[Data extracted from a collection]
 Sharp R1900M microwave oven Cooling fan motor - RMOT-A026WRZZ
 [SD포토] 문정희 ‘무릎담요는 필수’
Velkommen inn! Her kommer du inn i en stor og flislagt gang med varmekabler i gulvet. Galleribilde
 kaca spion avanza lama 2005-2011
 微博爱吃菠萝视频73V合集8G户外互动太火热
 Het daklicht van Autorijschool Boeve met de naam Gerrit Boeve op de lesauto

...

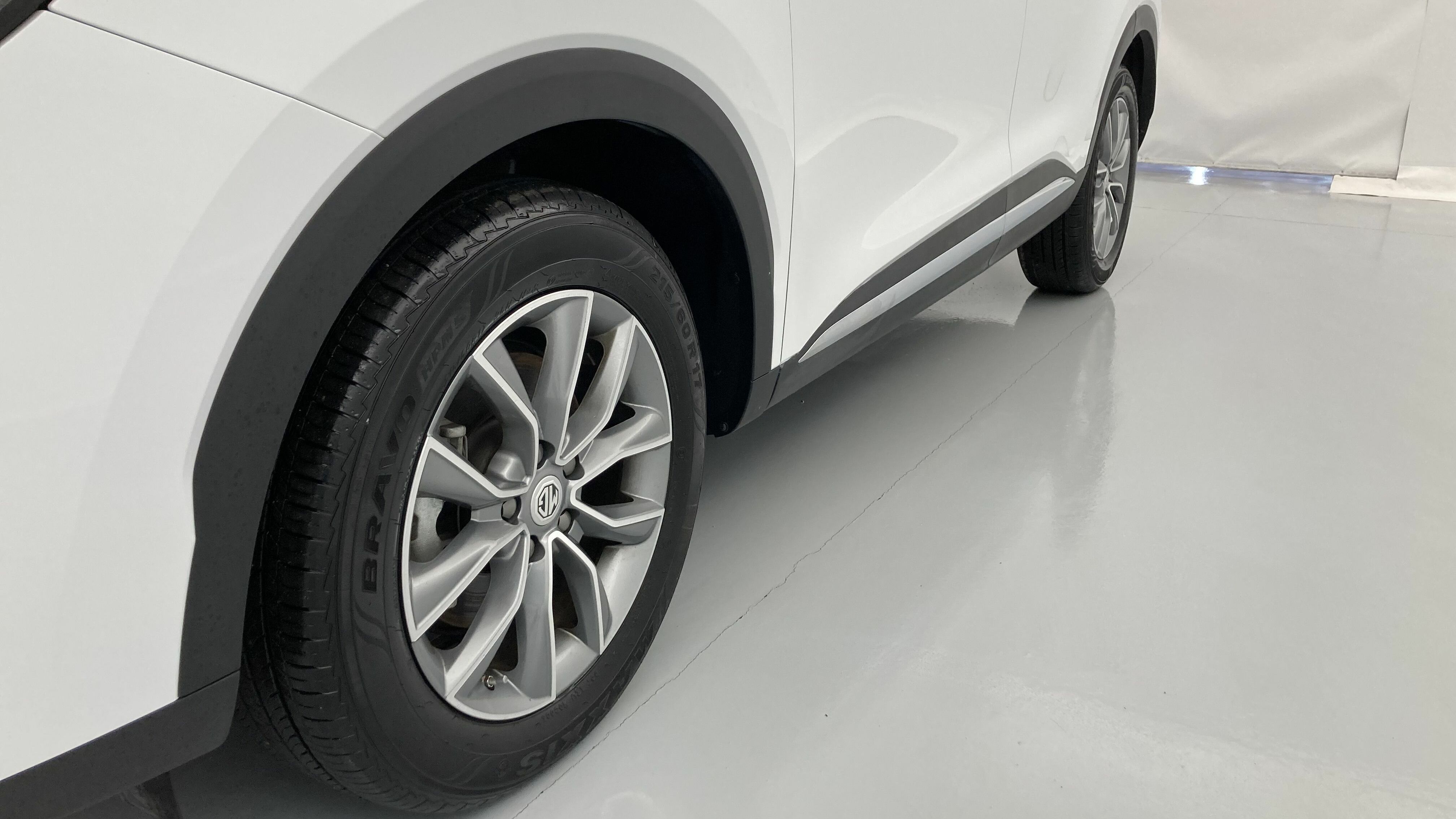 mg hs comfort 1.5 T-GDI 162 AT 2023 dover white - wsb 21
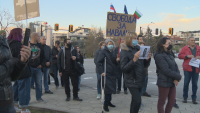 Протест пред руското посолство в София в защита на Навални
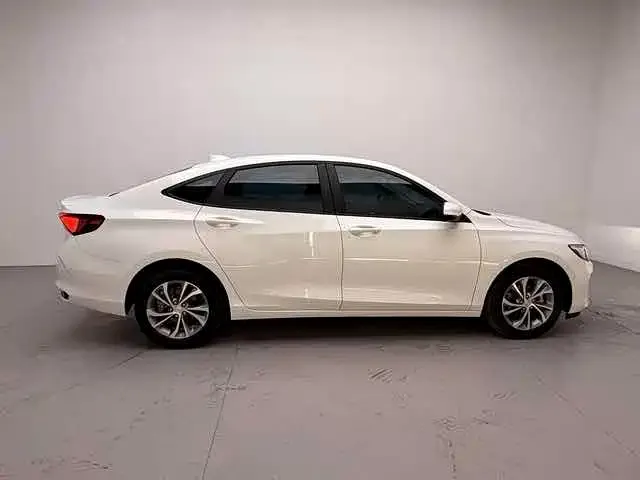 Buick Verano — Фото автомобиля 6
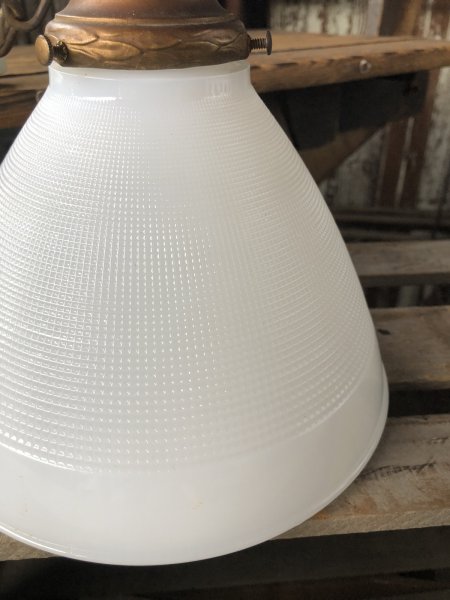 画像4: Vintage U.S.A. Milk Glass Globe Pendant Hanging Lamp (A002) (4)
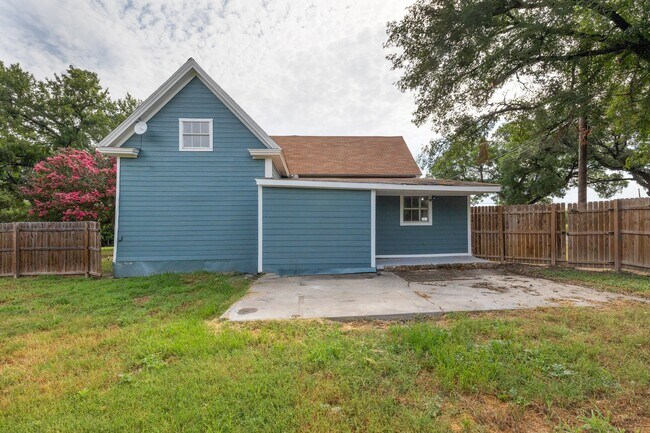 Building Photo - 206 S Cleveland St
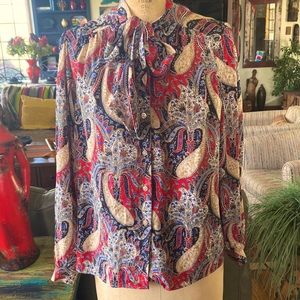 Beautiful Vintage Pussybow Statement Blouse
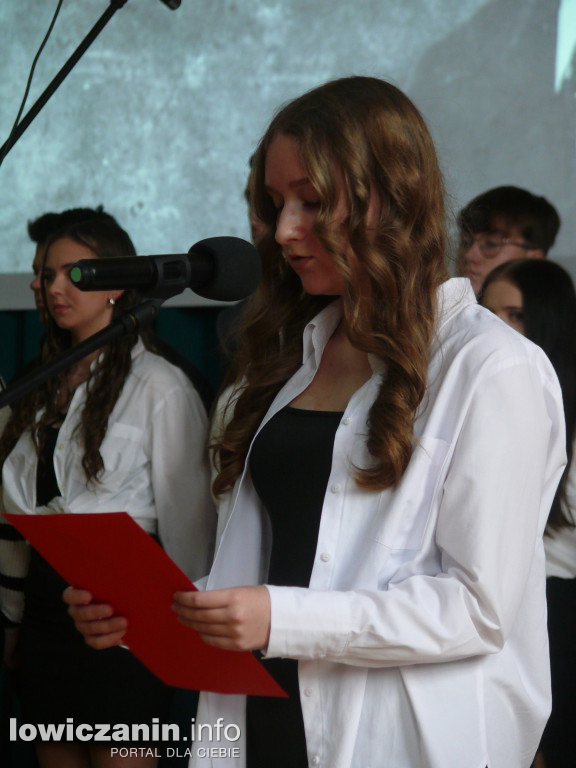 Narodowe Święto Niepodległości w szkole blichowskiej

* * *

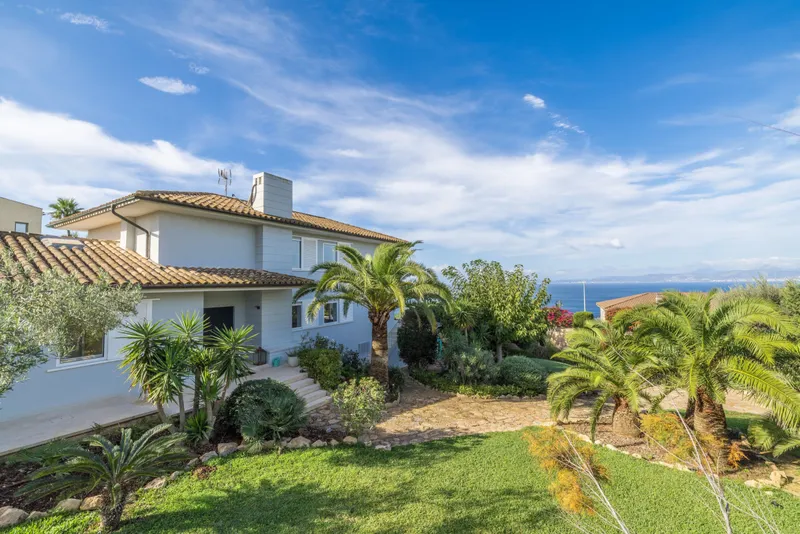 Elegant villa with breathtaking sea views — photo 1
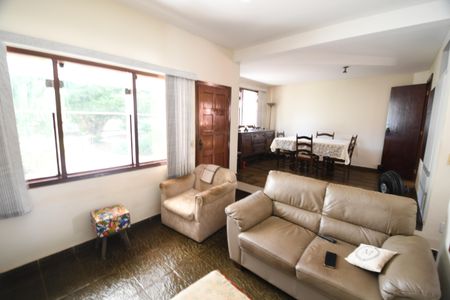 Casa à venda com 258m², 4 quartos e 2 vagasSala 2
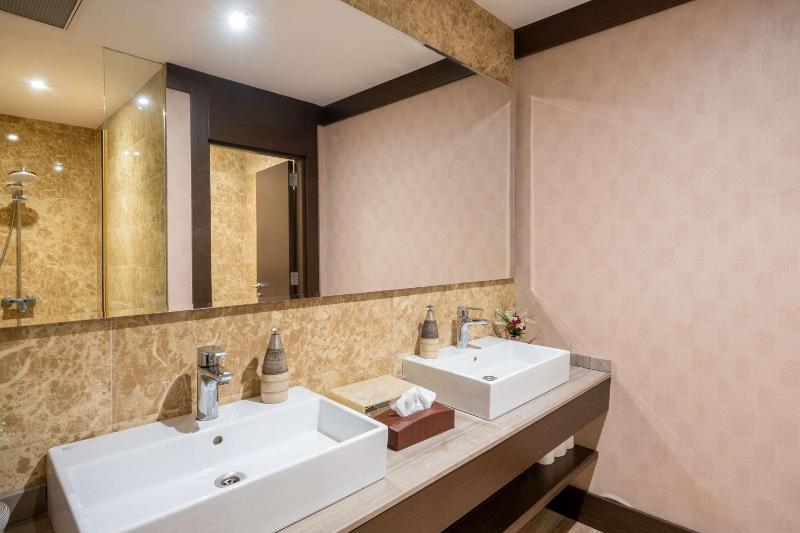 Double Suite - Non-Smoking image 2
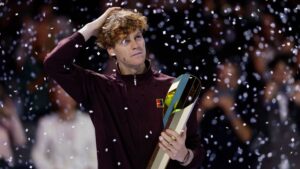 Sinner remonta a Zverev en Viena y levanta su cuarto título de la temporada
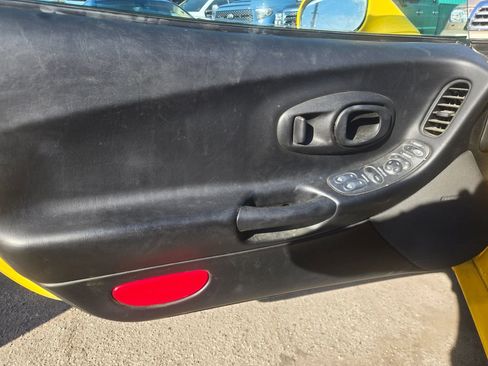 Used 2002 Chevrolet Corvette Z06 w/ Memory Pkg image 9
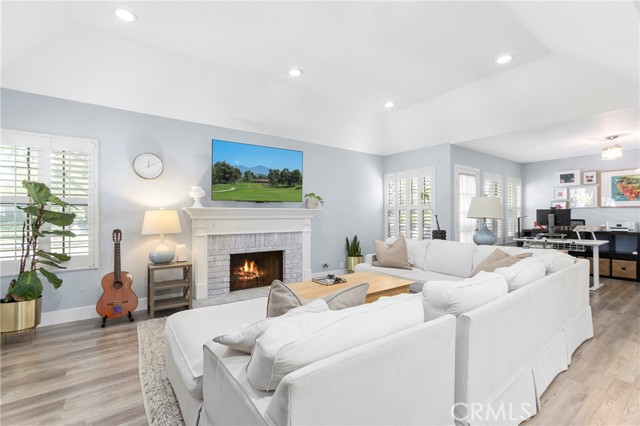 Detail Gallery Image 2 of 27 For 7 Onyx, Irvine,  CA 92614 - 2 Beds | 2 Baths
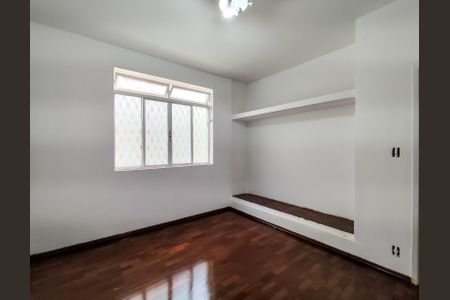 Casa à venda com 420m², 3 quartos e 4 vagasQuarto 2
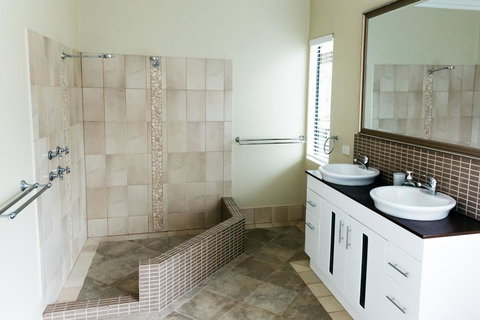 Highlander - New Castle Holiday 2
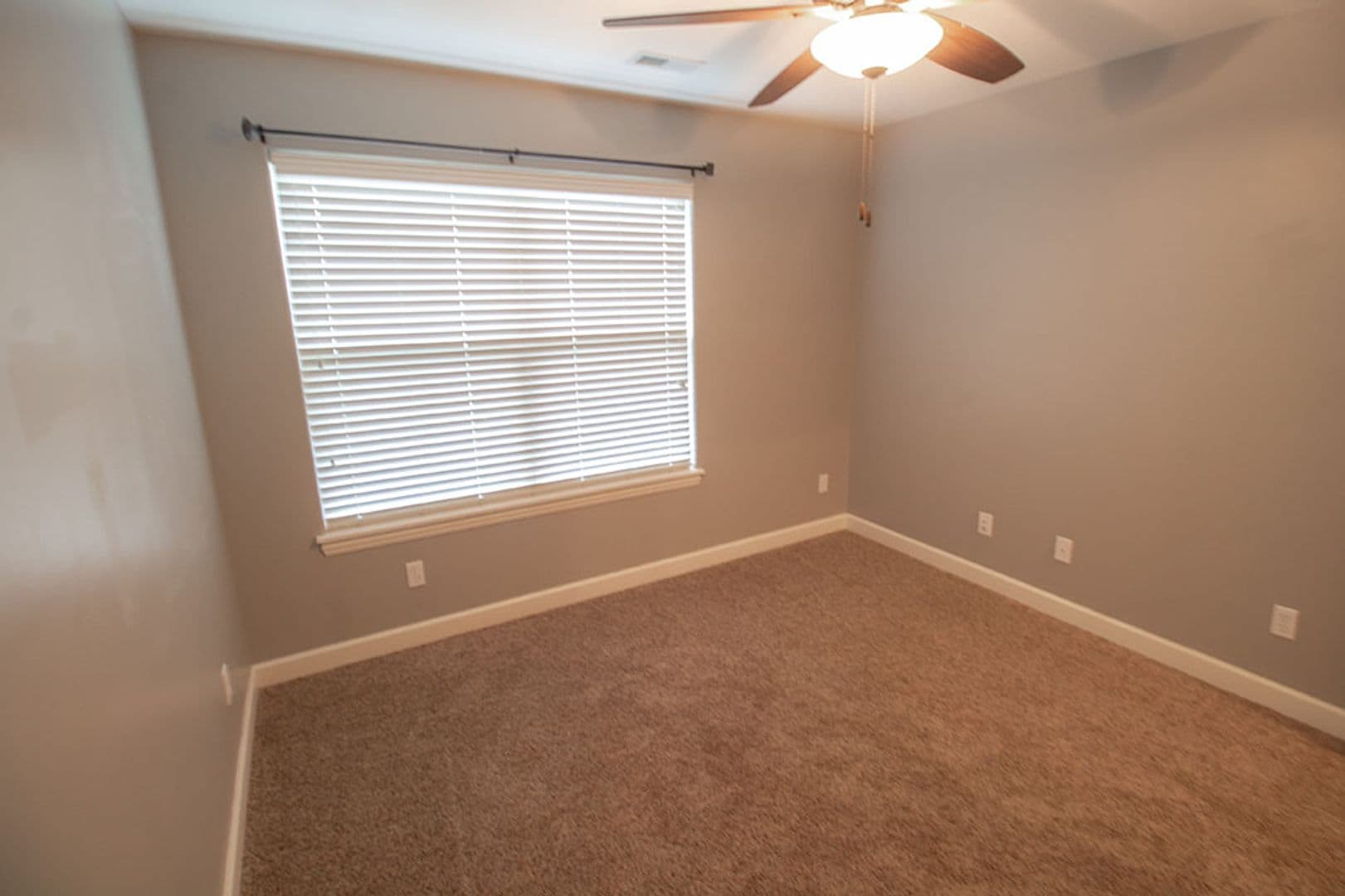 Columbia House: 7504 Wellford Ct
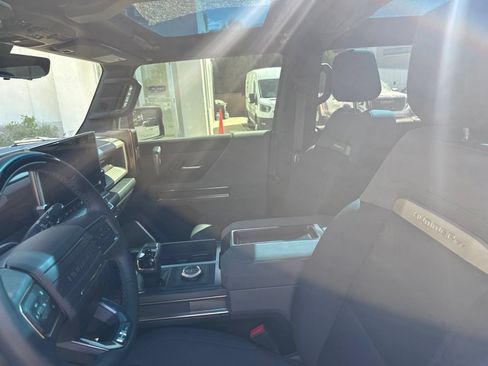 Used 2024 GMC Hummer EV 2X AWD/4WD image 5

Work task - Using the data above, give again exactly the lines starting at the one holding "Buick Verano — Фото автомобиля 6" and ending at the one holding "Narodowe Święto Niepodległości", inclusive, and nothing more. Omit the pictures.

Expected answer -
 Buick Verano — Фото автомобиля 6
 画像4: Vintage U.S.A. Milk Glass Globe Pendant Hanging Lamp (A002) (4)
 Building Photo - 206 S Cleveland St
 Beautiful Vintage Pussybow Statement Blouse
 Narodowe Święto Niepodległości w szkole blichowskiej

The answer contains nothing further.